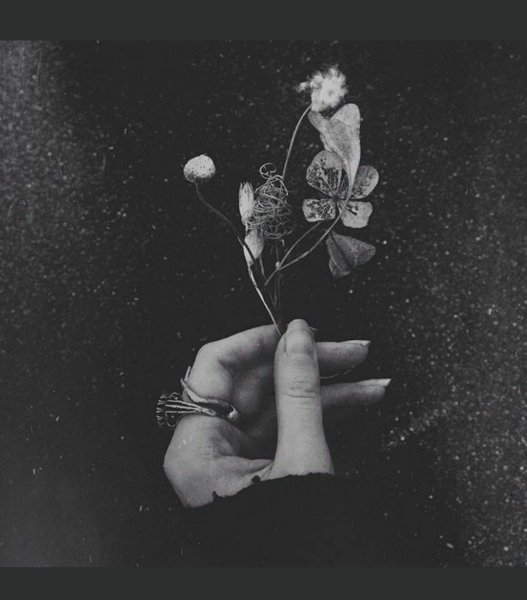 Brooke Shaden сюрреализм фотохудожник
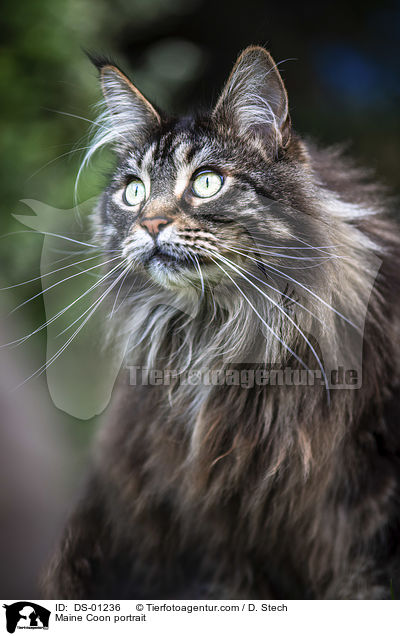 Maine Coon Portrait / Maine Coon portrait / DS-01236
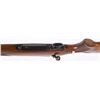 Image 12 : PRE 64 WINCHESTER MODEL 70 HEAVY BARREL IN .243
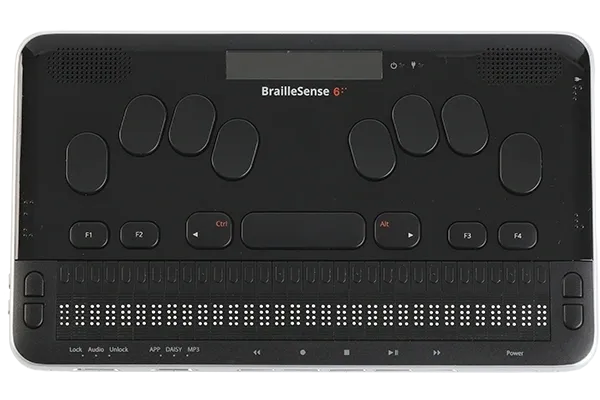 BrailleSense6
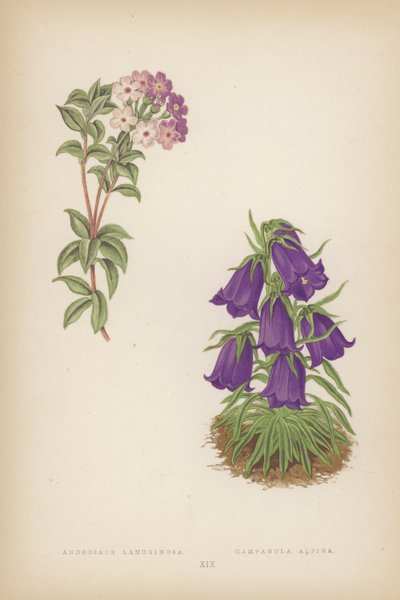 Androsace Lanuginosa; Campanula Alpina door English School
━━━━━━━━━━━━━━━━━━━━
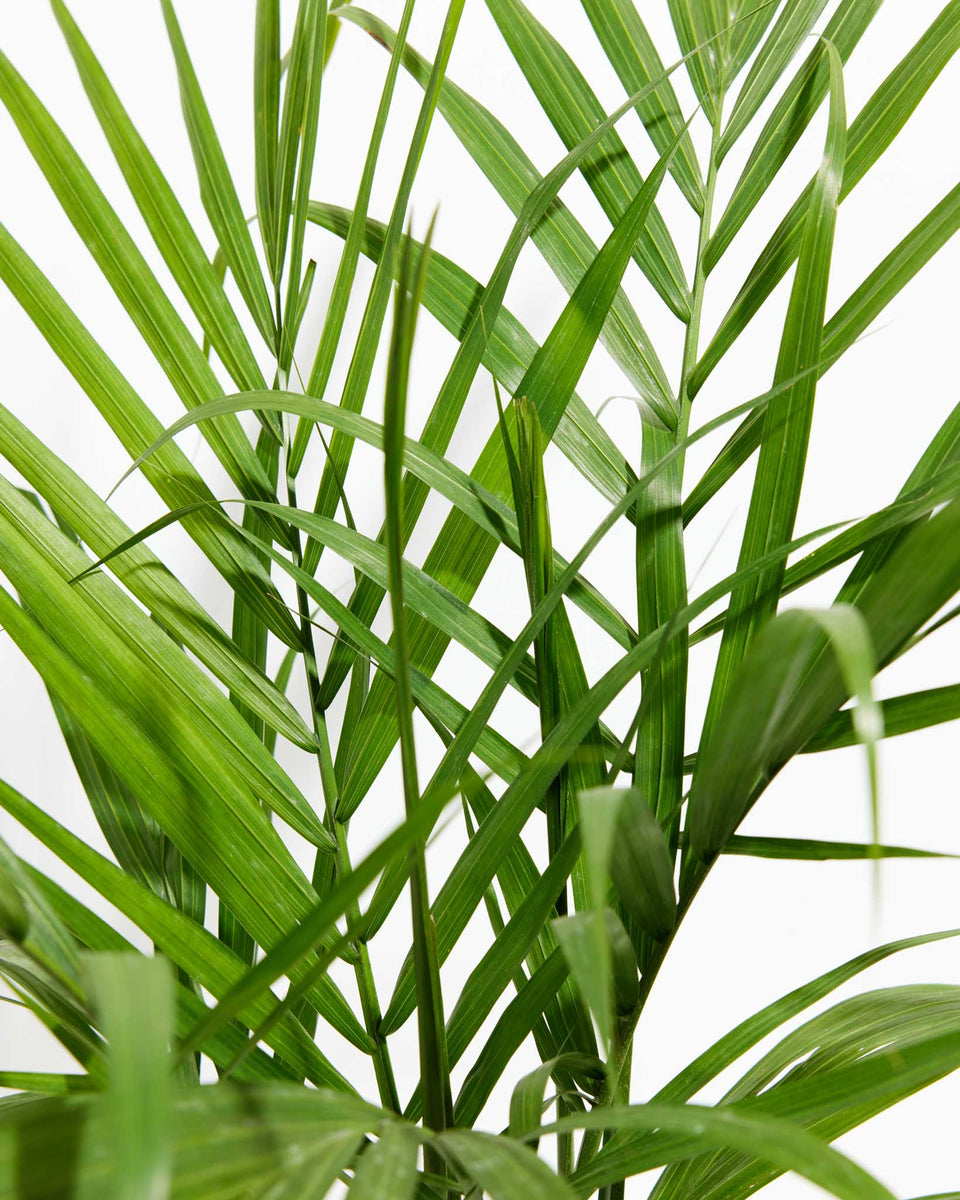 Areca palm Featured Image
━━━━━━━━━━━━━━━━━━━━
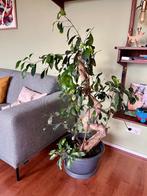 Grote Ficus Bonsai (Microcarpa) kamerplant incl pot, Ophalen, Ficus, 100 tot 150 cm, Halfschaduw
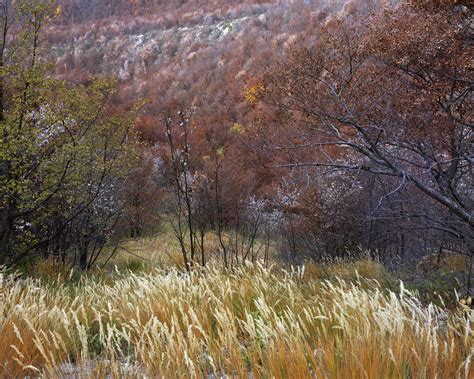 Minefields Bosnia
━━━━━━━━━━━━━━━━━━━━
• Work request: Reproduce the listing above from the line that holds "Brooke Shaden сюрреализм фотохудожник" through the line that holds "Androsace Lanuginosa; Campanula", both included, with the pictures left out.

• Result for this task:
 Brooke Shaden сюрреализм фотохудожник
 Maine Coon Portrait / Maine Coon portrait / DS-01236
 Image 12 : PRE 64 WINCHESTER MODEL 70 HEAVY BARREL IN .243
 BrailleSense6
 Androsace Lanuginosa; Campanula Alpina door English School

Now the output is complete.